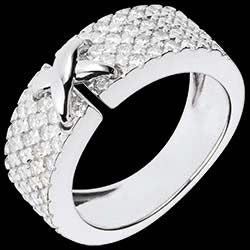 <a href=http://en.edenly.com/rings-large/haute-couture-precieuse-ring,1188,8.html?liste_cat=6X7X8 style=color:#fff;text-decoration:none;><u>Precious Haute Couture Ring</u><br><br><strike>� 2689</strike> (-51%) <b style=color:#FF9999;>� 1309</b></a>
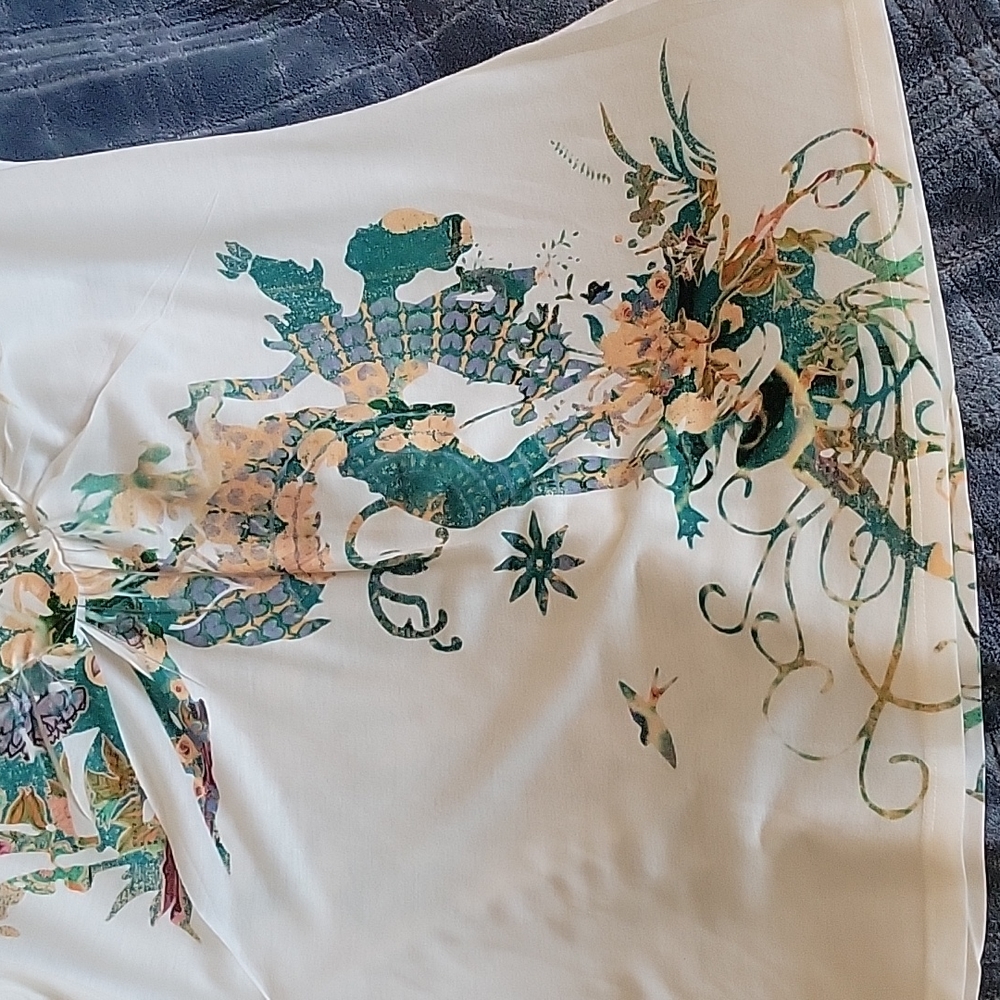 One World Top. Size M - Picture 3 of 4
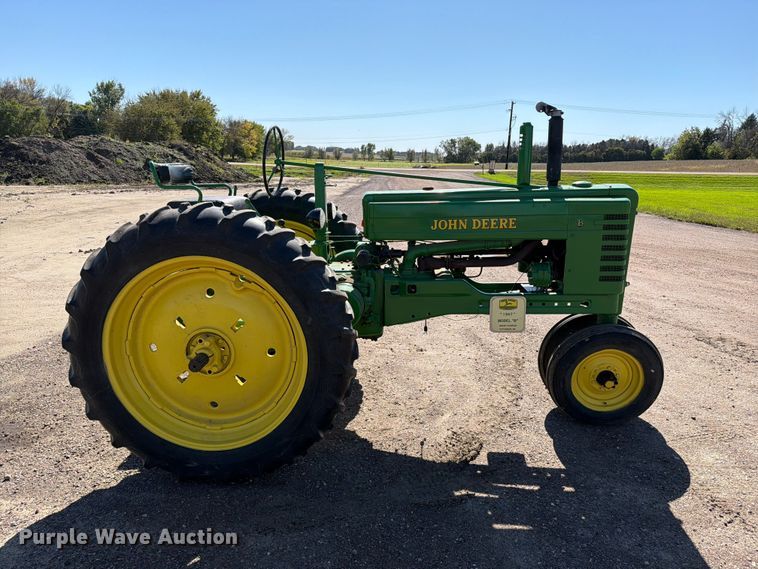 image for item FT6846 1947 John Deere B tractor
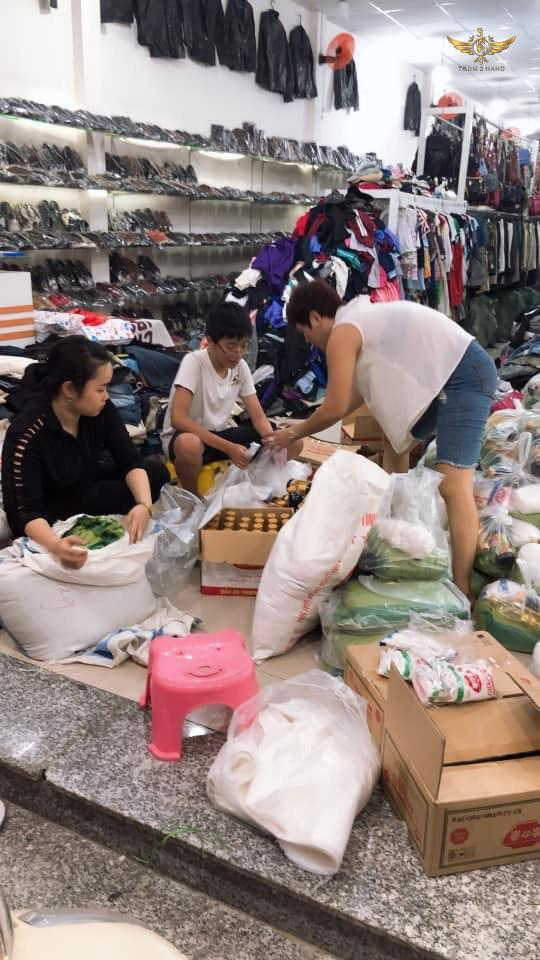 Trùm Đồ Si Store đã trao tặng hàng trăm suất quà đến các hoàn cảnh khó khăn 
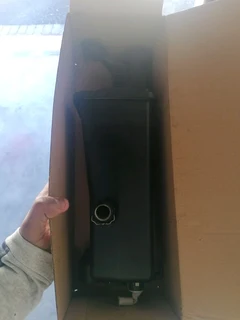 330ci expansion radiator coolant tank (2000-2004)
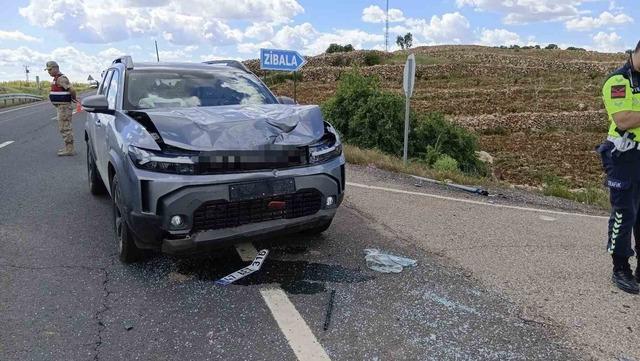 Mardin’de iki otomobil çarpıştı: 4 yaralı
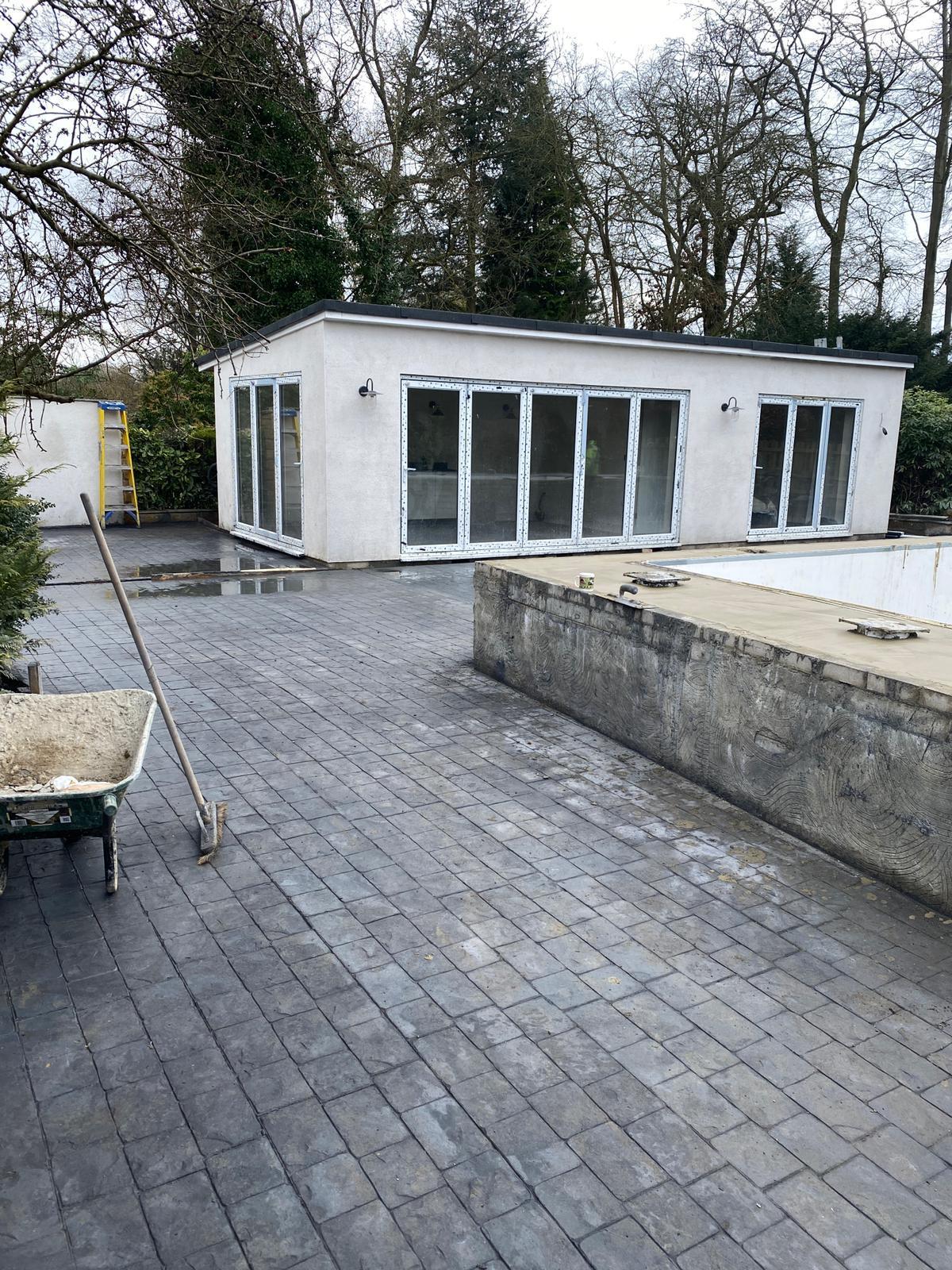 Resin driveway installation in Leeds by Lynch Renovation & Development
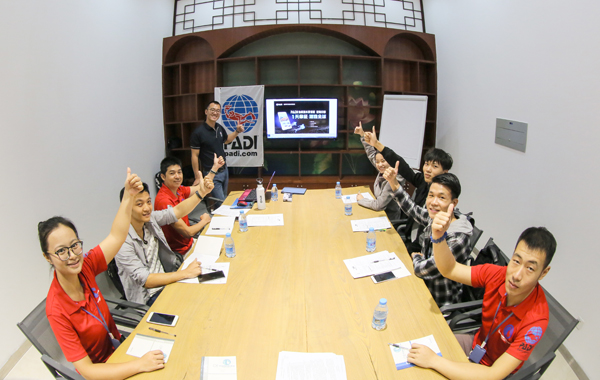 12/12正式上線(xiàn)！PADI 最新課程【休閑潛水員Resort Diver】 丨 一天拿證，潛遍全球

——————

▸ **Description of the task**
Repeat the data exactly in full, omitting its pictures.

▸ **Response to the task**
 <a href=http://en.edenly.com/rings-large/haute-couture-precieuse-ring,1188,8.html?liste_cat=6X7X8 style=color:#fff;text-decoration:none;><u>Precious Haute Couture Ring</u><br><br><strike>� 2689</strike> (-51%) <b style=color:#FF9999;>� 1309</b></a>
 One World Top. Size M - Picture 3 of 4
 image for item FT6846 1947 John Deere B tractor
 Trùm Đồ Si Store đã trao tặng hàng trăm suất quà đến các hoàn cảnh khó khăn 
 330ci expansion radiator coolant tank (2000-2004)
 Mardin’de iki otomobil çarpıştı: 4 yaralı
 Resin driveway installation in Leeds by Lynch Renovation & Development
 12/12正式上線(xiàn)！PADI 最新課程【休閑潛水員Resort Diver】 丨 一天拿證，潛遍全球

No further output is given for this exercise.